YOUR ASSIGNMENT:
Look through the data below for the line with "Betsey Johnson crossbody", and transcribe it exactly together with each line after it up to and including the line with "Vánoční cukroví mix 180 g — foto 3". Give nothing else.

Entries taken from a collection
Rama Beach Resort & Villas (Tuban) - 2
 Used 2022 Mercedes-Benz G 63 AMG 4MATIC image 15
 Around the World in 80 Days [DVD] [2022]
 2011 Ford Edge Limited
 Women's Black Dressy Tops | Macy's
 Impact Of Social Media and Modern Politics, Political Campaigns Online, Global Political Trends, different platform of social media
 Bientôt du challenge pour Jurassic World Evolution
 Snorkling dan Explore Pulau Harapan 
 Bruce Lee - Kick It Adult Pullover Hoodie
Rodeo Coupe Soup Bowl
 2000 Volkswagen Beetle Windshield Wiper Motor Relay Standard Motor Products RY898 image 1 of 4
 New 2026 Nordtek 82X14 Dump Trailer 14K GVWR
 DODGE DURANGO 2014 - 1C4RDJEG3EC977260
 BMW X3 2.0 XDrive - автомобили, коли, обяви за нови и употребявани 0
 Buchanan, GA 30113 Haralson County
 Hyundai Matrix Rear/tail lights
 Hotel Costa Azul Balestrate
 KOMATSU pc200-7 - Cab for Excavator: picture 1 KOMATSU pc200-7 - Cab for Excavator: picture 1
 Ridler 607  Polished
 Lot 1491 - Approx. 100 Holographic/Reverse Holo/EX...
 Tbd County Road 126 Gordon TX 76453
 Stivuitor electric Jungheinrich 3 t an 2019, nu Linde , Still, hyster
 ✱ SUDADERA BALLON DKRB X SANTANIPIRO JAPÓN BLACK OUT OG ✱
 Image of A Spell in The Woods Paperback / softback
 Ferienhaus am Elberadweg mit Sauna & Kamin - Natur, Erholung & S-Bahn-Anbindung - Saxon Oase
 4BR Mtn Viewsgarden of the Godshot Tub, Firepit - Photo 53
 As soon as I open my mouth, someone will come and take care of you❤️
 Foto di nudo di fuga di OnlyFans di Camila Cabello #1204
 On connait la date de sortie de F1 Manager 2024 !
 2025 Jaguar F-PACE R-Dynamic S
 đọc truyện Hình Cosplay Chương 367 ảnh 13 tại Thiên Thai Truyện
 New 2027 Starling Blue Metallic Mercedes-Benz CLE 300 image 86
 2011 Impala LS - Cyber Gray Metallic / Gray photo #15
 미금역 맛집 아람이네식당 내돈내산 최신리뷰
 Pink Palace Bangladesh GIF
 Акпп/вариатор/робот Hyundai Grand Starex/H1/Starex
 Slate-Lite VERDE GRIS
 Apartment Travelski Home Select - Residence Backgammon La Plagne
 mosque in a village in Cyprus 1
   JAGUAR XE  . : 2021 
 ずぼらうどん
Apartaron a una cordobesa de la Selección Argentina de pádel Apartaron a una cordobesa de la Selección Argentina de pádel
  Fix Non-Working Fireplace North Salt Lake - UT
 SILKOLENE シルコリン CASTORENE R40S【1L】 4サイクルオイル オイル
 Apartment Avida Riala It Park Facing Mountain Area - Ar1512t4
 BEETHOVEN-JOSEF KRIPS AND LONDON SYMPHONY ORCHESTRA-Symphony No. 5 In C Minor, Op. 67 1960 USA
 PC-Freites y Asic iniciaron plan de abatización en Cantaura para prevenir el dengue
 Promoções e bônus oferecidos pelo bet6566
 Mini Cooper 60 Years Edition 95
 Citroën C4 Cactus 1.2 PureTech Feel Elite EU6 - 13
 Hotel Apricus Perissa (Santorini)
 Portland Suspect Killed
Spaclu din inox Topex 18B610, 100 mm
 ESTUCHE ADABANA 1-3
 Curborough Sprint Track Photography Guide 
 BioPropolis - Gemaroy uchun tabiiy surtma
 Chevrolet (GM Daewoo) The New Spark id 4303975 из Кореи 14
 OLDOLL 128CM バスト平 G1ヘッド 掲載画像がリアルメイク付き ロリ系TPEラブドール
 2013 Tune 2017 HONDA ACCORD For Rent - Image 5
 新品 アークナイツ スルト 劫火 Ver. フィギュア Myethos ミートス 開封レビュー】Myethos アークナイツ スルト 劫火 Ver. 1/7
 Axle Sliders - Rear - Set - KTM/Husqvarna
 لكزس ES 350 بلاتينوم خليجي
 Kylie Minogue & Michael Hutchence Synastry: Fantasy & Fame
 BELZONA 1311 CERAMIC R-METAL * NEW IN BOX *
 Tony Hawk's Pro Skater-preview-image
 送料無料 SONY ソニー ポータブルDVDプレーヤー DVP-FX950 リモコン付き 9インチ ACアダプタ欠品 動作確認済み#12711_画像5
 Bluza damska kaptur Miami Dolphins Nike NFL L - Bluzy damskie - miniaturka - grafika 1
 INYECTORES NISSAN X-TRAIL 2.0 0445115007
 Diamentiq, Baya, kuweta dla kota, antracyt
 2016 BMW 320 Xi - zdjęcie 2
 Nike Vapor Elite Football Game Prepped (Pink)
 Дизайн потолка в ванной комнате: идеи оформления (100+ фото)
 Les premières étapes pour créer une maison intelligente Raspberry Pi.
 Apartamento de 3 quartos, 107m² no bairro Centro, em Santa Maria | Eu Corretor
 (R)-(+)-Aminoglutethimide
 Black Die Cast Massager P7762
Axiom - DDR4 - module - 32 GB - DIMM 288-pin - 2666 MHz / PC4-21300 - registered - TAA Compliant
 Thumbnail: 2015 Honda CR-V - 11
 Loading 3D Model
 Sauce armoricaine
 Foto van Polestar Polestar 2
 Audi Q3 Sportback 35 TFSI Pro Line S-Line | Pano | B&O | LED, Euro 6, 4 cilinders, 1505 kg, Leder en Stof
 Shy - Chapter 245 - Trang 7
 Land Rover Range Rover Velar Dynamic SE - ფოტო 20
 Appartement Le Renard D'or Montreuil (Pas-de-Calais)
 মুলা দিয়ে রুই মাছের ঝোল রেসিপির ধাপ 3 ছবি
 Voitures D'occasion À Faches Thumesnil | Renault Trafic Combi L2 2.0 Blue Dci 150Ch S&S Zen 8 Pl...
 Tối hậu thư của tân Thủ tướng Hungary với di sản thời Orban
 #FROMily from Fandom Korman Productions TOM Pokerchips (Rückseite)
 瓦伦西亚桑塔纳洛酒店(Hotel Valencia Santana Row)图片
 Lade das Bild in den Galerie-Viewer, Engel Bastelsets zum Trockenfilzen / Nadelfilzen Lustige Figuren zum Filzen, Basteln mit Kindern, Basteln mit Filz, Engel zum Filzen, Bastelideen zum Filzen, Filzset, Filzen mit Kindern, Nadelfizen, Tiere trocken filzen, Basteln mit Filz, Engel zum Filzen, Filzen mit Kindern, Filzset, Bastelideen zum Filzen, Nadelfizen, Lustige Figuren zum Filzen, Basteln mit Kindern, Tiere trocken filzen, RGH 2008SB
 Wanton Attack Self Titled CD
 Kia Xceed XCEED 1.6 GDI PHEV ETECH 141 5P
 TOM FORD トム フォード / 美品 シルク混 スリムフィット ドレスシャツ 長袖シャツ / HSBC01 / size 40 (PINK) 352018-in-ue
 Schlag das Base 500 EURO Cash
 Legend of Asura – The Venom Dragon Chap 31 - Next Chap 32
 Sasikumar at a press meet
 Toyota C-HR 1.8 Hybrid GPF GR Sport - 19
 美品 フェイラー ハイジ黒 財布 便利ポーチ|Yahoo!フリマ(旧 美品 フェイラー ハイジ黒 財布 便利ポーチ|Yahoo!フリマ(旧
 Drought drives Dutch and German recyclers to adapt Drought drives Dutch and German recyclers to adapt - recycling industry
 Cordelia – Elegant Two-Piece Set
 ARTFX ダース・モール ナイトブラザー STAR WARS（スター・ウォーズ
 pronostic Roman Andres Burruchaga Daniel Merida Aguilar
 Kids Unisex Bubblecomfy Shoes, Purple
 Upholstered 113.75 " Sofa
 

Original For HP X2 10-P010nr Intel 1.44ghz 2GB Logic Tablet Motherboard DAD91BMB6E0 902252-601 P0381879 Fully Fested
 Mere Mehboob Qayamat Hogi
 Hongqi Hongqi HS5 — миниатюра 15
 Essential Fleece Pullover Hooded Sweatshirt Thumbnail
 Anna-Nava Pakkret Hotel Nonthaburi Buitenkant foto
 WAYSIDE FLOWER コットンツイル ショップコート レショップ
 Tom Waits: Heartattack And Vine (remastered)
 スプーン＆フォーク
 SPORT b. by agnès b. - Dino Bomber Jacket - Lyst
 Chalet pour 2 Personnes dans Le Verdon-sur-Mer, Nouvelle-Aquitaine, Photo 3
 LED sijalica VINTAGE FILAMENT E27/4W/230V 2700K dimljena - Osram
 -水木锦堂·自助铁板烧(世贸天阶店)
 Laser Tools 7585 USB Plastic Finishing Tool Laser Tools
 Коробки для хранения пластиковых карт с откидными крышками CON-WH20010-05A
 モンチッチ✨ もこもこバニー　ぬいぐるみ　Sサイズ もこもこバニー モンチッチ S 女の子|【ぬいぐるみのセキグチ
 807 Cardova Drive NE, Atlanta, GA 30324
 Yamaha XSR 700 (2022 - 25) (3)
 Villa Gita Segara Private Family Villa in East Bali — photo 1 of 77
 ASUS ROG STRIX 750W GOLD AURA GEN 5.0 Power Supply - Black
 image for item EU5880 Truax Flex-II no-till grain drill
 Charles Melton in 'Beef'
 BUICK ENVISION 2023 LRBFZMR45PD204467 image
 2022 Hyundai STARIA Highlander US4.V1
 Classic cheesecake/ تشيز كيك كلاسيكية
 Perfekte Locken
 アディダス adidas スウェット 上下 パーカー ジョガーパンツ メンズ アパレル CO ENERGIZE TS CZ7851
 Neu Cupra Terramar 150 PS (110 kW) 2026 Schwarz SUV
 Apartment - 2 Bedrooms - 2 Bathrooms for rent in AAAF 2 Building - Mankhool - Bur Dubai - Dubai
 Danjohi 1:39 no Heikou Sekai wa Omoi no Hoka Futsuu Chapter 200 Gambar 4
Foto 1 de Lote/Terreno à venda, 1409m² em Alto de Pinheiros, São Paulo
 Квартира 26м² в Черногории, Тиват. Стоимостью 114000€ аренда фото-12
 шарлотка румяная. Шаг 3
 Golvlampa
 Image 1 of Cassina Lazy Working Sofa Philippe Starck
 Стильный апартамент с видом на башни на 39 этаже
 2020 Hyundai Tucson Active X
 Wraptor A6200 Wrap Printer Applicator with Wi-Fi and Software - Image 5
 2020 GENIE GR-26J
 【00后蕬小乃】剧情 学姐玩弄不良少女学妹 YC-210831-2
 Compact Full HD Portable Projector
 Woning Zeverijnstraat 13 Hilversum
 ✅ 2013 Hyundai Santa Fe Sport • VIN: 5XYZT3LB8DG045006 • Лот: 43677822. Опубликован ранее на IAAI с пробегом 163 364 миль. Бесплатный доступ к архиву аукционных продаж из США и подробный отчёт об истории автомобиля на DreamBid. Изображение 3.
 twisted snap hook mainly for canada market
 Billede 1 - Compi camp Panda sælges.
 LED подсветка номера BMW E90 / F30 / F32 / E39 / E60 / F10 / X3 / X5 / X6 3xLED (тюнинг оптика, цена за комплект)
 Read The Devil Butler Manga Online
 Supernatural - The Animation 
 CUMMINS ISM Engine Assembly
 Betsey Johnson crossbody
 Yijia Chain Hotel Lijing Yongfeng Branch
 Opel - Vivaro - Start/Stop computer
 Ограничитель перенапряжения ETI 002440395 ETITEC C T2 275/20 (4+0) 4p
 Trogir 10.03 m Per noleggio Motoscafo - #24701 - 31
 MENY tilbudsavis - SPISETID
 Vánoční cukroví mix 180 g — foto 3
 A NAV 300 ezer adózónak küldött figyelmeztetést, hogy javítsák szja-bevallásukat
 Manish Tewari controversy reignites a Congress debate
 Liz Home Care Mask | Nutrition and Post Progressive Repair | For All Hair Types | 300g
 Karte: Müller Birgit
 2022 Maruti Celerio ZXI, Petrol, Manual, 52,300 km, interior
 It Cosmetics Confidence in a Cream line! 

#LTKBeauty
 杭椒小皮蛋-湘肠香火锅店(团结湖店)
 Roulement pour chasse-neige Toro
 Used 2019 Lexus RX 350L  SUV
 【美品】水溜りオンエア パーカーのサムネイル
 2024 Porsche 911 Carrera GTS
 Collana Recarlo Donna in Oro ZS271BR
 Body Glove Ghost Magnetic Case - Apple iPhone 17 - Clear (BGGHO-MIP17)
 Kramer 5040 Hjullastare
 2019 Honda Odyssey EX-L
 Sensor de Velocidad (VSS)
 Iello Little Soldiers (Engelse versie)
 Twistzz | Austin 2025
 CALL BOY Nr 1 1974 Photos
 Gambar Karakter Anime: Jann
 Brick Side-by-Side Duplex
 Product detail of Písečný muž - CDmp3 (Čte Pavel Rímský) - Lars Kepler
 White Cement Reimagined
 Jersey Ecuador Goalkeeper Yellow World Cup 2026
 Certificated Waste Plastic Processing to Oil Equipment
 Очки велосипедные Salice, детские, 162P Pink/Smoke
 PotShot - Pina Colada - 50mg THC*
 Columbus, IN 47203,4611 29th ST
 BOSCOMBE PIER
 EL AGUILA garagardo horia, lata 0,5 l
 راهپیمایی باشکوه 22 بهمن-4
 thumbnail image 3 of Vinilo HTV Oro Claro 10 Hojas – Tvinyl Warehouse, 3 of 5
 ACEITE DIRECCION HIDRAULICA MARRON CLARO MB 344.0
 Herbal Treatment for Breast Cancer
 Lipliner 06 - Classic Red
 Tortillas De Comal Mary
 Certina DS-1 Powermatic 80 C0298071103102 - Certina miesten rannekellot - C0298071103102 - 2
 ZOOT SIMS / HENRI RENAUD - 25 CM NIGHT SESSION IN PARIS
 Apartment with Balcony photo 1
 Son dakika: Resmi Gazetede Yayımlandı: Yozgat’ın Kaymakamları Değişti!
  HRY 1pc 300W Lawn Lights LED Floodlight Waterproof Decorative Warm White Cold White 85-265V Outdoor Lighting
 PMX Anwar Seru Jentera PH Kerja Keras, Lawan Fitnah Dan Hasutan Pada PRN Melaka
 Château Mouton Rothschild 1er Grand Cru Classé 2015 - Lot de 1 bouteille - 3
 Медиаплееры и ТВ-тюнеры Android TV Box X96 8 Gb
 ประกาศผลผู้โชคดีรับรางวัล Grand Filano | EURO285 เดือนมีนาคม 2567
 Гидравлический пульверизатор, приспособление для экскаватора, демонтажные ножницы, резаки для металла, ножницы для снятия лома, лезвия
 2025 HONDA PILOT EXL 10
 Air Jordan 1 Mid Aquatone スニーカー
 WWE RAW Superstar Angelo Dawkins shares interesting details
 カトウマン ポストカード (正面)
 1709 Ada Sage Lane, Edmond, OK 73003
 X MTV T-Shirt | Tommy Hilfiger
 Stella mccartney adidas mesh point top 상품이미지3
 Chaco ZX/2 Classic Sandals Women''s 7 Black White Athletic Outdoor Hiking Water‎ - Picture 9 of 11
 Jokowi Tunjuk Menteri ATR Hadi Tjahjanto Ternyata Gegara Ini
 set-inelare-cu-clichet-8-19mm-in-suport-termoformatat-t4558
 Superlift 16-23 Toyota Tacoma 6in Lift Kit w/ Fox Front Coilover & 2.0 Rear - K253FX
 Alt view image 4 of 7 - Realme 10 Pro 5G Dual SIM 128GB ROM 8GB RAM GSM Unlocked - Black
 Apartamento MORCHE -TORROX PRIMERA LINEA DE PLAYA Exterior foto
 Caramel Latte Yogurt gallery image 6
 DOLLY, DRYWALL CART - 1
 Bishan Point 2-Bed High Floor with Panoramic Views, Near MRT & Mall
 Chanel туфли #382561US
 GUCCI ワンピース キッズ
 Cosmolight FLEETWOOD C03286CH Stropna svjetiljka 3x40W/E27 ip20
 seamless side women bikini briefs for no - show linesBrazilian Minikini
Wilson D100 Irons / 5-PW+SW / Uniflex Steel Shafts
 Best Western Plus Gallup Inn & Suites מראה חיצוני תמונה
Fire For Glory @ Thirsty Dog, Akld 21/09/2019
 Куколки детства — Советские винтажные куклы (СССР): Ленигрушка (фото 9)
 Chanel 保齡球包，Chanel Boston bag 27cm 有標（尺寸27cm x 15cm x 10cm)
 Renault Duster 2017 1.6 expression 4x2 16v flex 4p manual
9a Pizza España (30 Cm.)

EXERCISE RESPONSE:
 Betsey Johnson crossbody
 Yijia Chain Hotel Lijing Yongfeng Branch
 Opel - Vivaro - Start/Stop computer
 Ограничитель перенапряжения ETI 002440395 ETITEC C T2 275/20 (4+0) 4p
 Trogir 10.03 m Per noleggio Motoscafo - #24701 - 31
 MENY tilbudsavis - SPISETID
 Vánoční cukroví mix 180 g — foto 3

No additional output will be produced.